I think the thing is, people have a dog they want rid o, if they were going to give it free, why not to a rescue where the right people can get her? And surely you would ask lots of questions, you would want to know she was going to eb happy.
It's easy to lie when you're giving a free dog away. Rescue's cant really though, if they re-home a dog that's no good with children to a home with children the dog will likely end up back in rescue.

Now that I have my son I don't deal with 'free to good home' dog's anymore, but I used to call them up, and if they didn't want to know anything about me, or seemed like they didn't have a care where the dog went, I'd take him, get vaccs done, health check and train him up a bit then through the old local rescue, find him a home without him having to go into kennels.

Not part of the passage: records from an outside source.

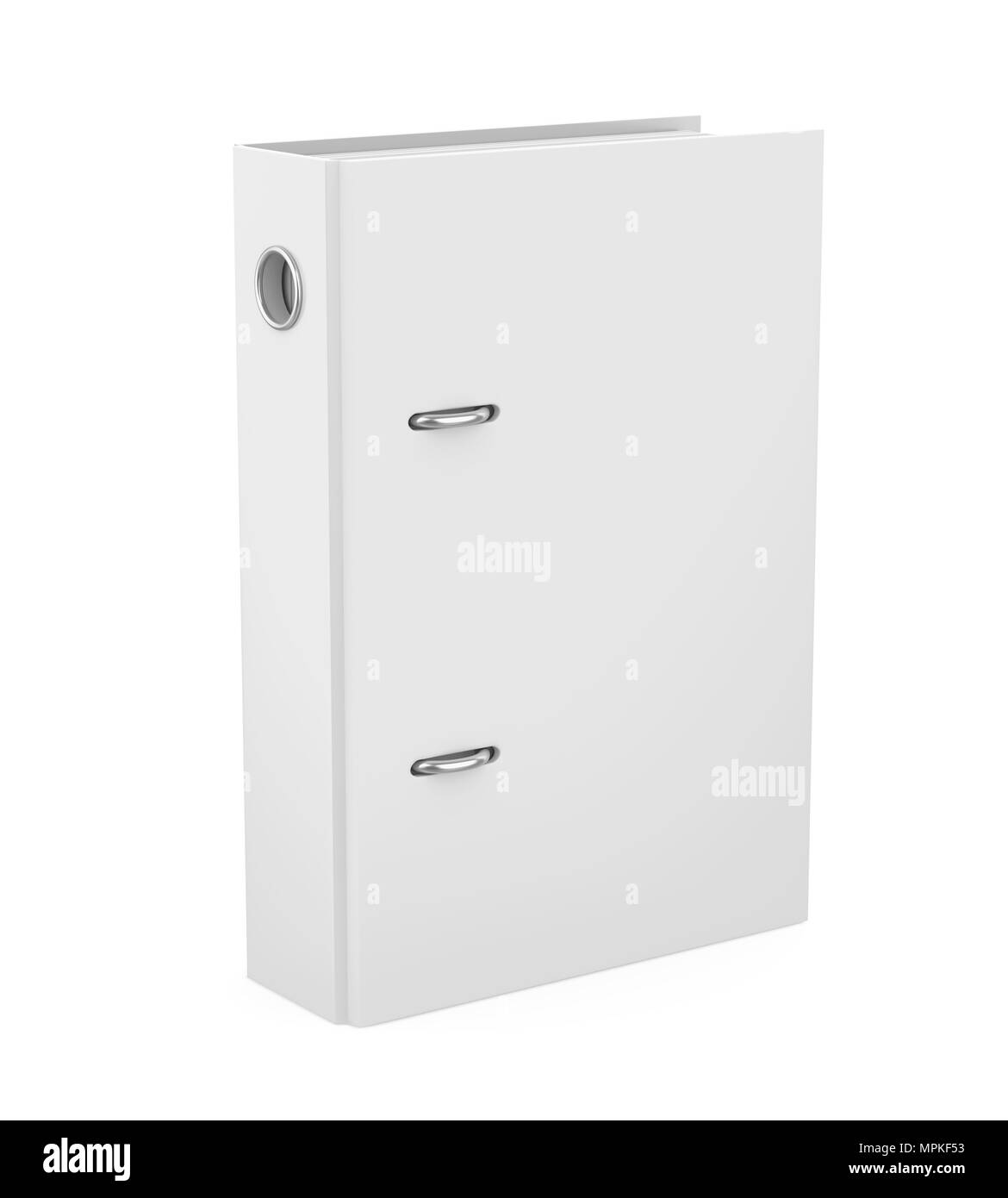 Ring Binder isoliert Stockfoto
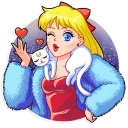 Sticker from Sailor Moon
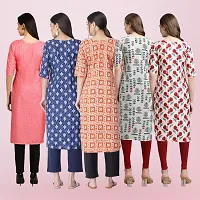 Women Stylish Crepe Printed Straight Kurta-thumb1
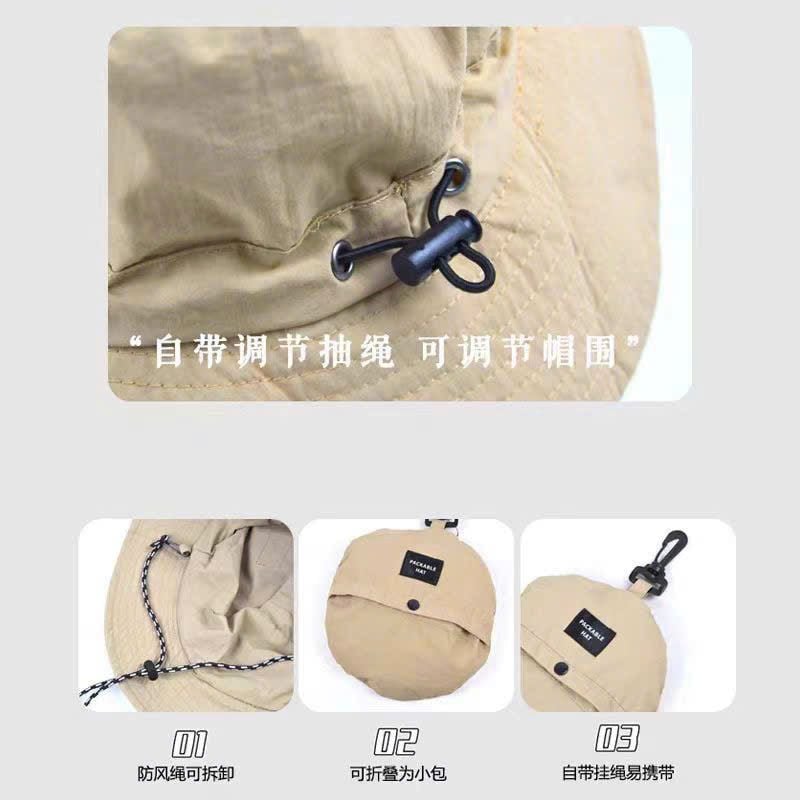  Mũ Bucket Gấp Gọn Màu Trơn 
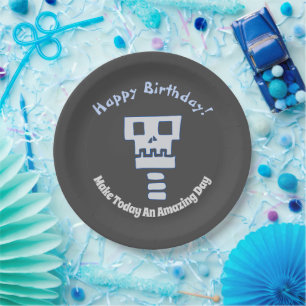 Robot Skull Paper Plate Pappteller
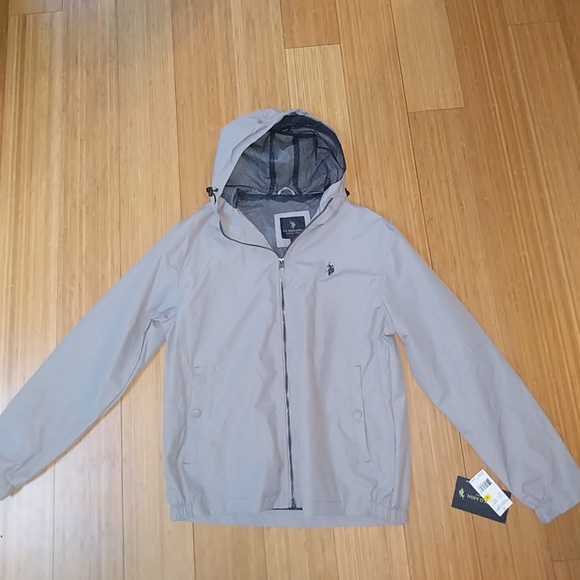 polo windbreaker hoodie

(sorry for long post! but with children you need to be careful)

x


----------



## blackjack11 (Dec 27, 2008)

Dogs from rescues are not expensive, only about £150 donation, which is nothing when you think of all the time and care the rescue gives, so if you do decide to get a rescue dog, give a bit more they are always grateful.


----------



## birdy187 (Feb 11, 2009)

like i said i dont mind donating and giving a neglected dog a new home i would luv that to see a sad dog happy again is rewarding, i have experience, my auntie and uncle used to breed american pitbulls afew years back and my parents had two staffs when i was living with them and i had a staff, even though we are looking for a smaller dog now cause of our 3year old daughter...


----------